Work instructions:
Return the lines of the data below, from the one containing "mørklægningsgardiner med kroge" through the very last, exactly and with both ends included; no pictures.

• • •

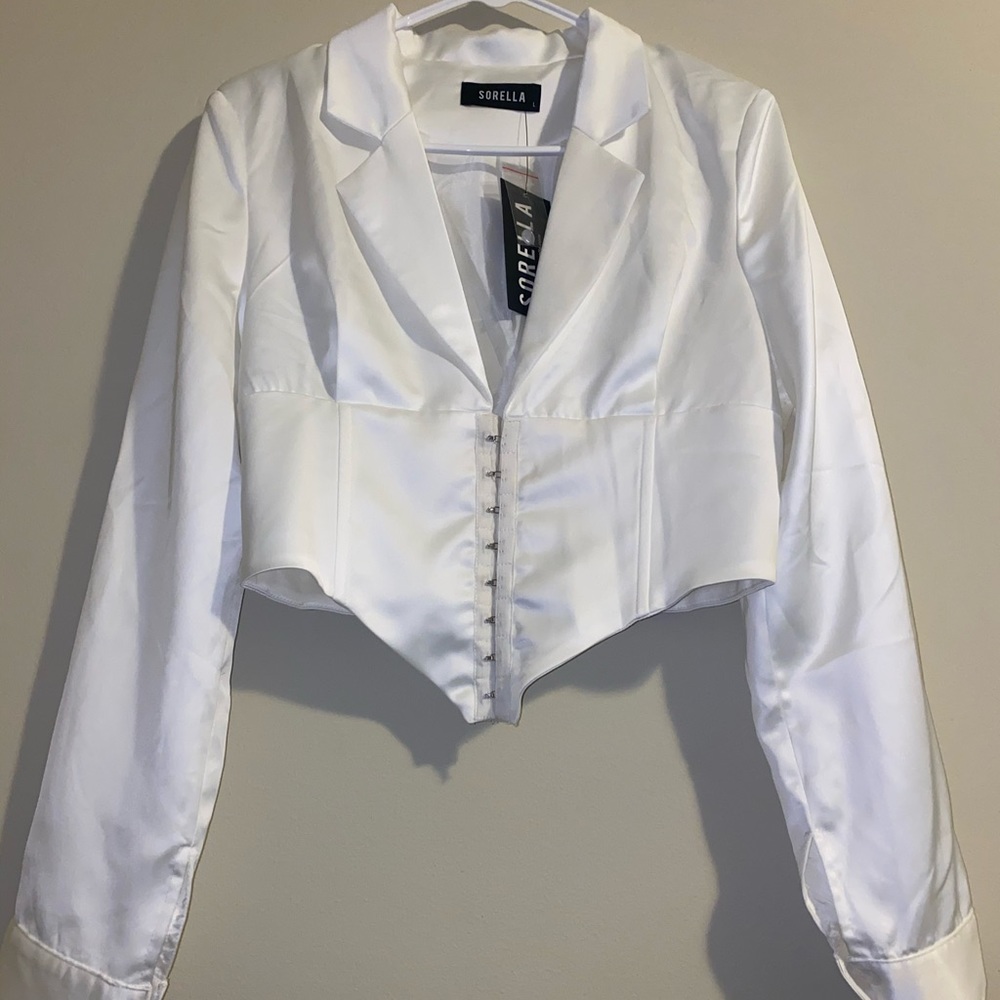 White Satin Collared Shirt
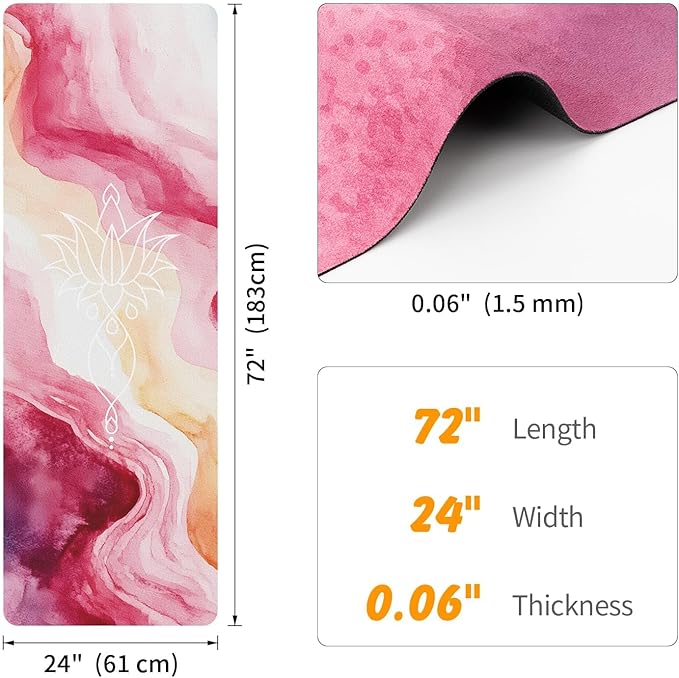 Travel Foldable Suede Yoga Mat, Tear-resistant Non-Slip Fitness Mat, Tote Bag included for Yoga Pilates Exercise Workout, 0.06 Inch/1.5 mm Thick, 72 x 24 Inch/183 x 61 cm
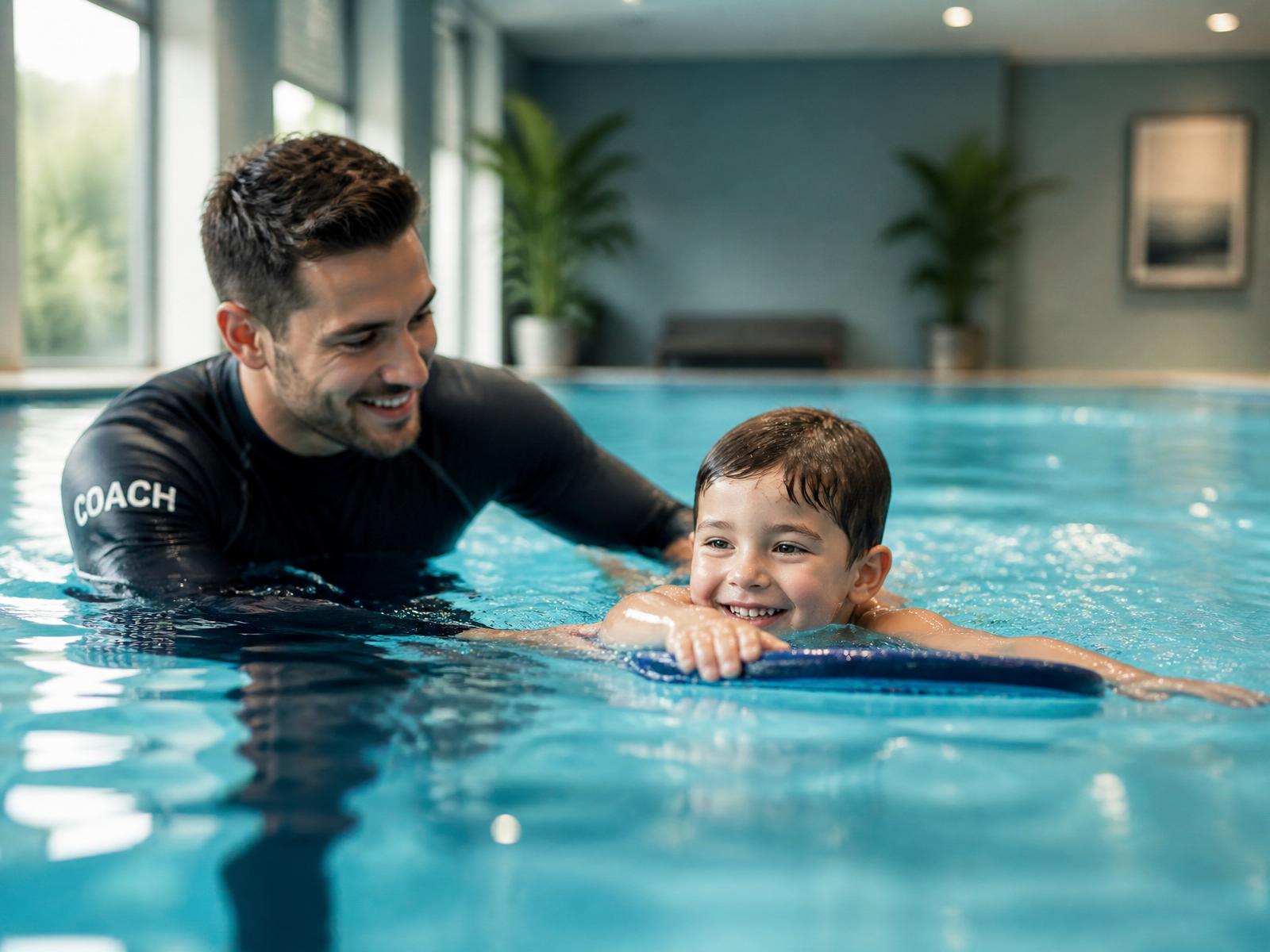 Coach teaching a young child in the pool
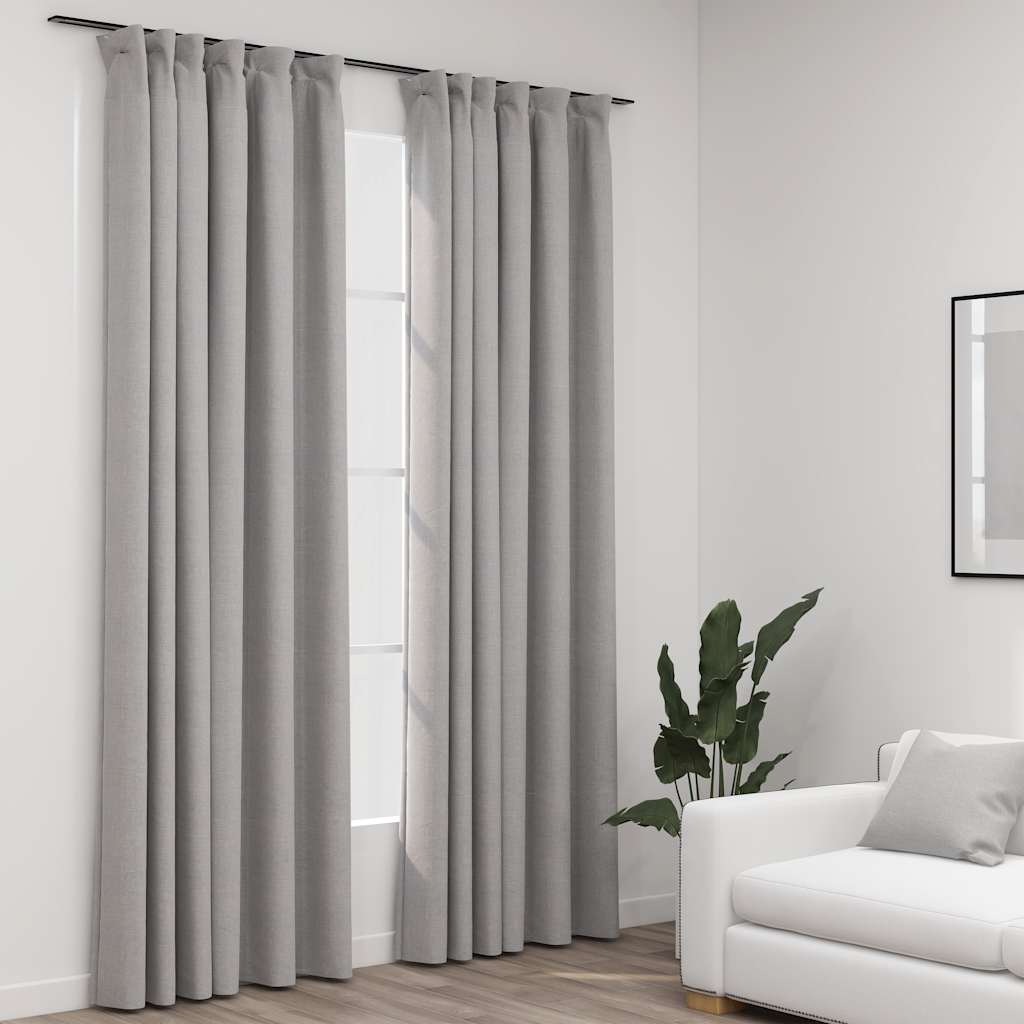 mørklægningsgardiner med kroge 2 stk. hør-look 140x245 cm grå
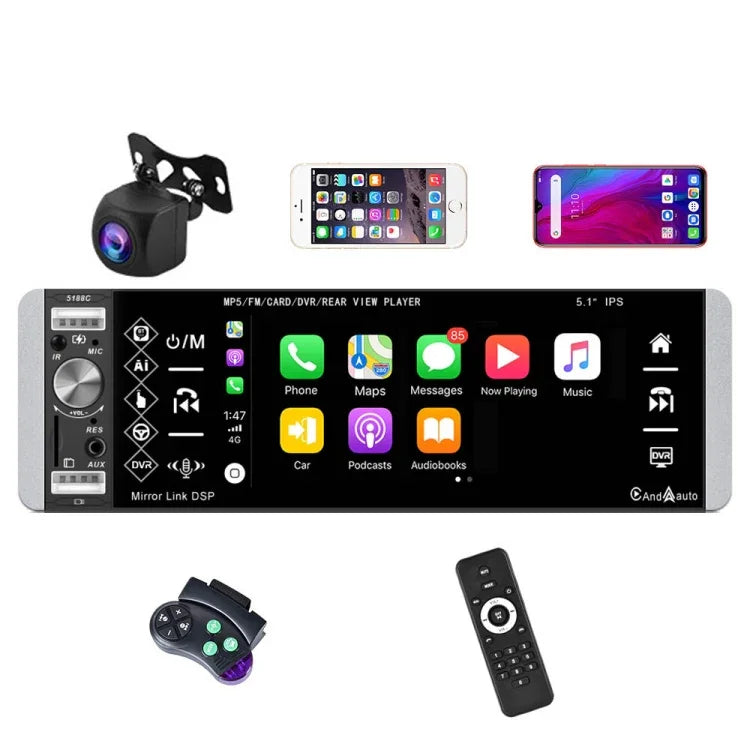 Reprodutor Carplay de Ecrã Capacitivo IPS de 5,1 polegadas A2905, Estilo:, Standard, Standard+4 Câmaras de Luz, Standard+8 Câmaras de Luz, Standard+12 Câmaras de Luz, Standard+Câmara de Luz AHD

• • •

Response area:
 mørklægningsgardiner med kroge 2 stk. hør-look 140x245 cm grå
 Reprodutor Carplay de Ecrã Capacitivo IPS de 5,1 polegadas A2905, Estilo:, Standard, Standard+4 Câmaras de Luz, Standard+8 Câmaras de Luz, Standard+12 Câmaras de Luz, Standard+Câmara de Luz AHD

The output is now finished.